In Karandighi, anger lead to looting and later violence. Shortly after 2pm IST on 15 April, a delivery of 500 tarpaulin sheets arrived. Villagers seeing that the supply would not be enough for everyone in need decided to take matters into their own hands. Some protesters jumped a wall, broke into the godown, and looted the tarpaulins. Police were called in, but were blocked from entering the facility by protesters. One looter remarked "What else could I have done? The government is not helping us so we have to help ourselves." Just after noon on 16 April, an angry mob attacked Panchayat Pradhan Badal Singh and began to beat him. One of the perpetrators said he couldn't control his anger when he saw that Singh "was distributing the [tarpaulin] sheets only to his party supporters." Throughout the North Dinajpur district, panchayat leaders have fled their homes after being attacked by angry villagers.

On 19 April, protesters blocked National Highway 34 at Panisala in the Raiganj subdivision. Others surrounding the panchayat office demanding more relief. The police fired shots into the air to scare the crowd off the highway after it was shut down for about an hour. According to one report, the Socialist Unity Centre of India (Communist) was responsible for organising the road block. Later that evening, at 5:30pm IST, 1,500 people who had been dispersed earlier attacked the police at Sitgram. Three sub-inspectors were badly beaten and two police vehicles pushed into a ditch before the crowd was dispersed with tear gas and shots fired into the air.
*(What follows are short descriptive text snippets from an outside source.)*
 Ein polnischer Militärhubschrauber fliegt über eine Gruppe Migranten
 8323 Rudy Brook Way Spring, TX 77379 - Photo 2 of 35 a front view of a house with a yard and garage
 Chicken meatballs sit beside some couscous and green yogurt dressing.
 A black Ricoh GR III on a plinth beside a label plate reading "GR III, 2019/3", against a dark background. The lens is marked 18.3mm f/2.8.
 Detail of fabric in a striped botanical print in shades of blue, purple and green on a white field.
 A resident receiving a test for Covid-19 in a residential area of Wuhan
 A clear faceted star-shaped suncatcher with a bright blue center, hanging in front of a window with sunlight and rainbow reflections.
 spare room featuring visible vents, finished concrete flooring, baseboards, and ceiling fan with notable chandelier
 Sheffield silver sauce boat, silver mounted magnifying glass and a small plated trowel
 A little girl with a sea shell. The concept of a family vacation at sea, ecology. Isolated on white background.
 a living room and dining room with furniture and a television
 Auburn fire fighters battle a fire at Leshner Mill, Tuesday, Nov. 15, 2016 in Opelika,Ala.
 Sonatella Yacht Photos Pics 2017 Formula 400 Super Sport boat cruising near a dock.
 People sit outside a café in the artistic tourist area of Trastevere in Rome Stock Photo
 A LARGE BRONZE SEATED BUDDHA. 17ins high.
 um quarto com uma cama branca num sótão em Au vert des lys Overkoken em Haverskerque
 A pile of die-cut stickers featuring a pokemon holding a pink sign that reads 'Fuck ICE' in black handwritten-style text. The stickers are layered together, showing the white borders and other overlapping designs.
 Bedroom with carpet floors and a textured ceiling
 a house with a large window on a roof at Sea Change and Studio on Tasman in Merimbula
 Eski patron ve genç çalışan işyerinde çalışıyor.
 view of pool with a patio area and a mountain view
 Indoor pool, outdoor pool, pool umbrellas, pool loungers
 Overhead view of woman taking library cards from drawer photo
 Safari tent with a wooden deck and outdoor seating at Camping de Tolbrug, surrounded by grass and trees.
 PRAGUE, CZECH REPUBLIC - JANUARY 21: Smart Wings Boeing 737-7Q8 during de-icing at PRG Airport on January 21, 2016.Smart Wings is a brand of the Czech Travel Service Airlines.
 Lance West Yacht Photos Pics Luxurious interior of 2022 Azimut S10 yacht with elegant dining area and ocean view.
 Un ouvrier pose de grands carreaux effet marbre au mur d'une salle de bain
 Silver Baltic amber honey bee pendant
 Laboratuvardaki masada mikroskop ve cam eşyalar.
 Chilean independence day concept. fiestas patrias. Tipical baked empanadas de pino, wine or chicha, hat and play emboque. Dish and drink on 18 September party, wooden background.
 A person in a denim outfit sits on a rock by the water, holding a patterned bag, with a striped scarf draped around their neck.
District magistrate Ramanuj Chakrabarty claimed that "the distribution of relief has picked up" and that the attack "was politically motivated."

===In Assam===
In Assam, food and building supplies have been distributed to storm victims. "We have taken all possible measures to provide relief and other financial assistance to people hit by the storm," remarked Relief and Rehabilitation minister Bhumidhar Barman. An ex gratia payment of Rs 5,000 was announced for the next of kin of storm victims, plus Rs 300,000 to be released at a later date.

===In Bangladesh===
In Bangladesh, power was restored to most areas by 16 April, although parts of Rangpur remained without power. In Dinajpur, locals frustrated about the lack of power attacked the Dinajpur Power Development office on 15 April. Police had to be called in to take control of the situation.